-- Work item --
Extract each line of the material that follows exactly and omit its pictures.
Segment Start: Provided data
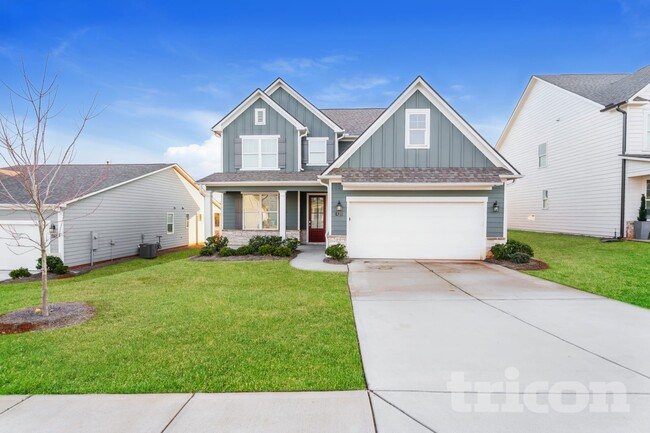 property at 420 Freeport Wy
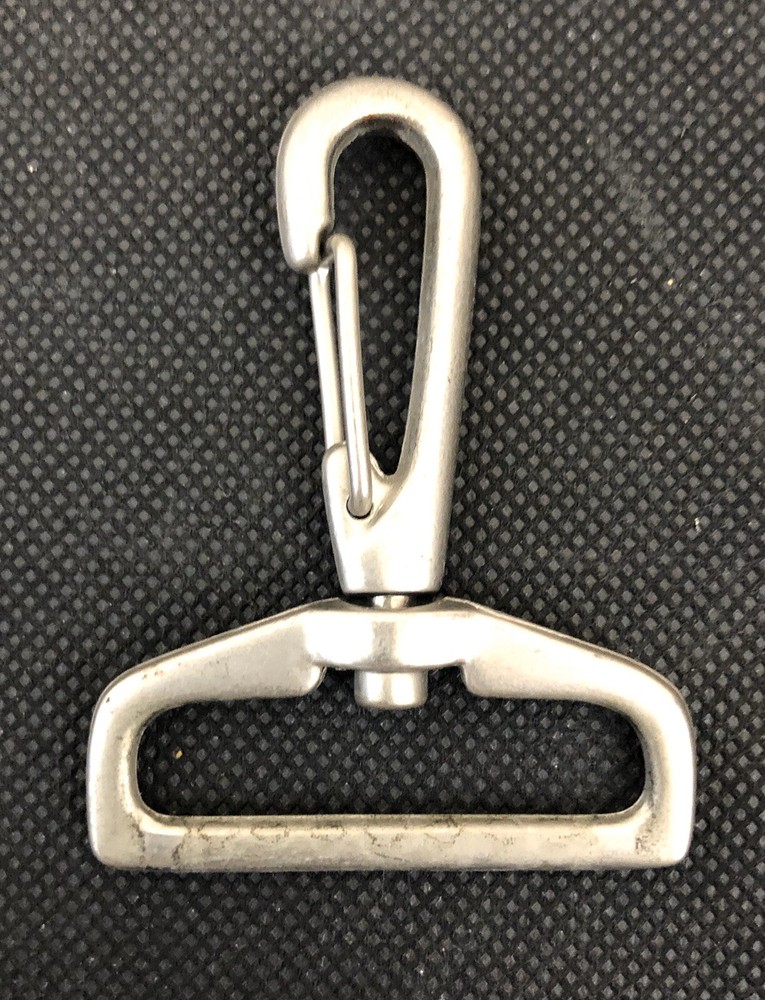 Metal Hardware for a Cloth Strap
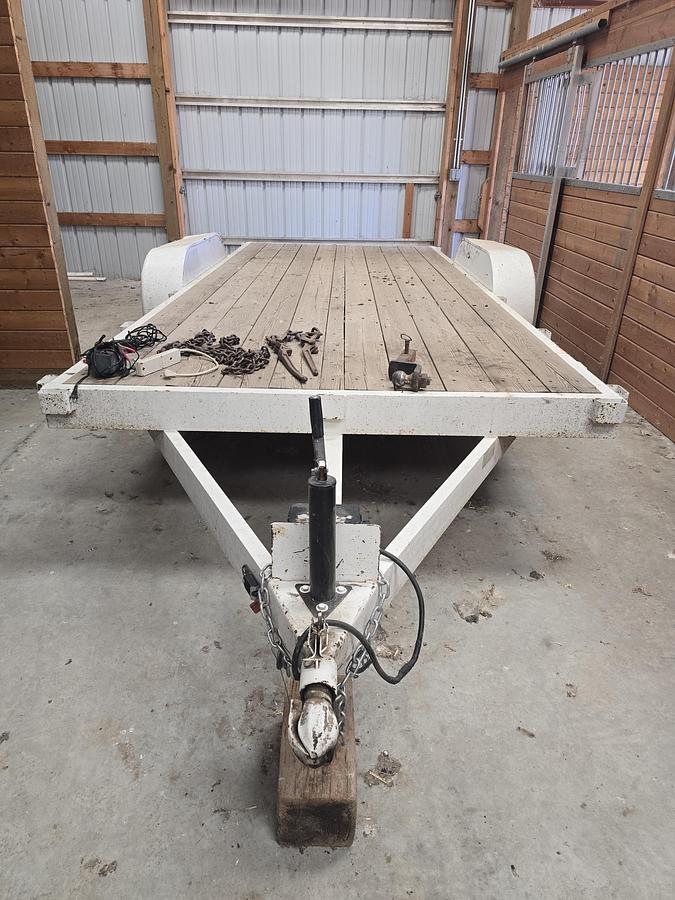 Used 2001 C&B 16' Flatbed Equipment Trailer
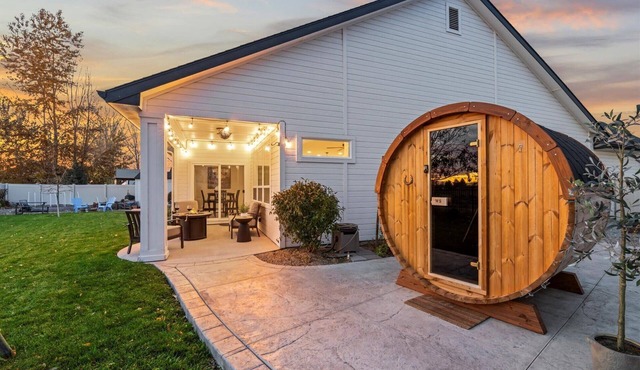 Modern Family Home | Sauna, Fire Pit, Swings & Access to Pools & Parks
Segment End: Provided data
-- Exercise response --
 property at 420 Freeport Wy
 Metal Hardware for a Cloth Strap
 Used 2001 C&B 16' Flatbed Equipment Trailer
 Modern Family Home | Sauna, Fire Pit, Swings & Access to Pools & Parks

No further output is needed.